Figure 6. The Nluc-containing reporter is able to detect subtle ERK-activity modulations in the dendritic spines of neurons.

(a,b) The intensities of the 535 nm/480 nm ratio over time, recorded in the soma or dendrites of REV- (a) or YEN- (b) transfected neurons, stimulated or not (control) with Glycine. One representative image illustrates the 535 nm/480 nm ratio at the indicated times. Each point of the graphs represents the mean ± SEM for 3 to 6 neurons and 7 regions per neuron, for each time point. (c) The 535 nm/480 nm ratio of individual spine (arrowhead) and shaft (scare) areas were measured over time.

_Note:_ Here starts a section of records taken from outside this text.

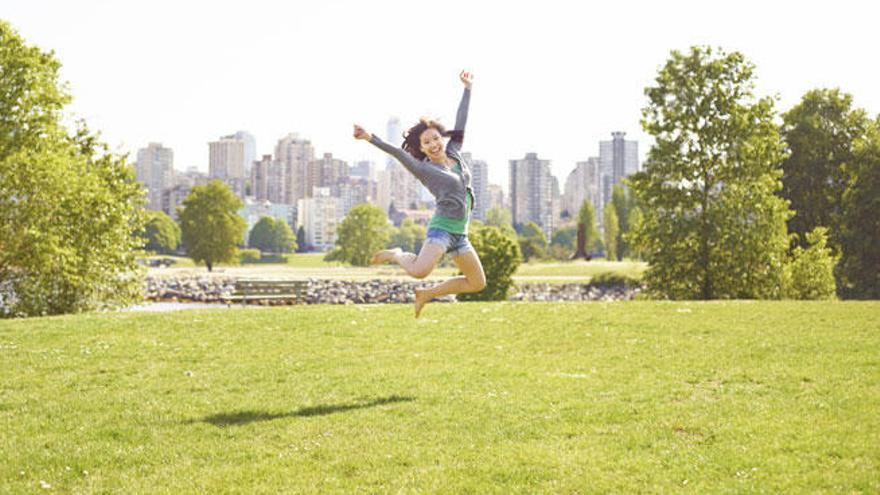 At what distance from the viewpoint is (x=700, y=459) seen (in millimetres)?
7781

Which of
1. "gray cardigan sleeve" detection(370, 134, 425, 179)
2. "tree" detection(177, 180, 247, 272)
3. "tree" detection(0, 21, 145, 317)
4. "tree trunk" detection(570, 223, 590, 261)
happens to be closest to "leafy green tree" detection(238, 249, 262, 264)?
"tree trunk" detection(570, 223, 590, 261)

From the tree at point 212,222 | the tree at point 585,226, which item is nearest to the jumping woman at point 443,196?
the tree at point 212,222

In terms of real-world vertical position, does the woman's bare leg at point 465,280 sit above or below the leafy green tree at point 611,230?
below

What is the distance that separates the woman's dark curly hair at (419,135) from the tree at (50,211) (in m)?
17.8

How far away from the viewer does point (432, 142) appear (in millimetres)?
10594

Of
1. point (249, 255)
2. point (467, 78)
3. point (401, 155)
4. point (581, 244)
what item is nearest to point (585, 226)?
point (581, 244)

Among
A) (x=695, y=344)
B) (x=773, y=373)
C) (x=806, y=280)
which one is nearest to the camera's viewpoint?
(x=773, y=373)

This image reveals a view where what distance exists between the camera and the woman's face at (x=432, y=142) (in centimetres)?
1060

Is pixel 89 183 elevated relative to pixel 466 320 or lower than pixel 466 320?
elevated

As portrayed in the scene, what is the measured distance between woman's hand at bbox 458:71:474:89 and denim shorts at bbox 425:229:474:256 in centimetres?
205

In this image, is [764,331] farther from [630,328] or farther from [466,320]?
[466,320]

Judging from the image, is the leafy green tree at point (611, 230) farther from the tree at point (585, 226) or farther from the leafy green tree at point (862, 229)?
the leafy green tree at point (862, 229)

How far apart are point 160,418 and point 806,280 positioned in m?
29.3

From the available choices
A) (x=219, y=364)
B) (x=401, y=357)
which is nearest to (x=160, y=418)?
(x=219, y=364) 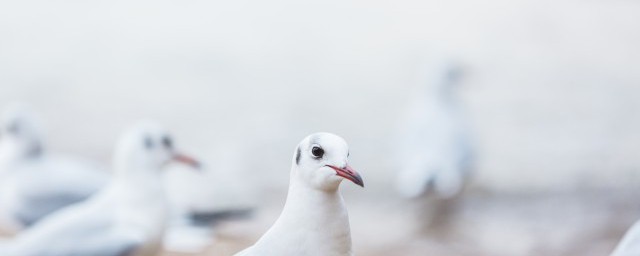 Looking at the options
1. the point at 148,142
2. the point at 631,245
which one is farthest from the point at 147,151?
the point at 631,245

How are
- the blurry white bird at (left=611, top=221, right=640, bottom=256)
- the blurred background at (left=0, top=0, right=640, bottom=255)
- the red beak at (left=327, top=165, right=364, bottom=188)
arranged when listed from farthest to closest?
the blurred background at (left=0, top=0, right=640, bottom=255), the blurry white bird at (left=611, top=221, right=640, bottom=256), the red beak at (left=327, top=165, right=364, bottom=188)

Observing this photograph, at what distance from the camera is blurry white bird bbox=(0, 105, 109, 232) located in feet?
10.4

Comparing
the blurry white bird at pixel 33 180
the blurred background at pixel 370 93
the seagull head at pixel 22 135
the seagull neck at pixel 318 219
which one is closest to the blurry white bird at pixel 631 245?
the seagull neck at pixel 318 219

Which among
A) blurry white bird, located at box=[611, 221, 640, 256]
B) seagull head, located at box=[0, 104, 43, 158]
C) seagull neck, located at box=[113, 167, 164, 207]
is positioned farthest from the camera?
seagull head, located at box=[0, 104, 43, 158]

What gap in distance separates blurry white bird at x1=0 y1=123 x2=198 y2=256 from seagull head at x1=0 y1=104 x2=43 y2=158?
36.0 inches

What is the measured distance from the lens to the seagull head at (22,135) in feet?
11.6

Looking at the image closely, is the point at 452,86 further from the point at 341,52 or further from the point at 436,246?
the point at 341,52

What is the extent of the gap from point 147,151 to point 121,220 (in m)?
0.26

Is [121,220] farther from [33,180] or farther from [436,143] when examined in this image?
[436,143]

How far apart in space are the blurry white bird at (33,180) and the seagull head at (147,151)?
1.69ft

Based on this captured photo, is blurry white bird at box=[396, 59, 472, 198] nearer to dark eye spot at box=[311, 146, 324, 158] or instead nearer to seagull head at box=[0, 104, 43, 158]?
seagull head at box=[0, 104, 43, 158]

Bold traces represent lines of best fit from 12 traces. One representative image illustrates the 535 nm/480 nm ratio at the indicated times. (d) The intensity (Y axis) and time position (X axis) of the maximal 535 nm/480 nm ratios measured in 12 shaft areas (upper panel) and 12 spines (bottom panel) in the absence and presence of glycine. Each plot is the mean ± SEM of the time positions and mean ± SEM of the peak intensities. Mann & Whitney statistical analysis: *p < 0.05. Glycine stimulation induced a significant increase of the maximal BRET intensity in spines, compared to non-stimulated neurons.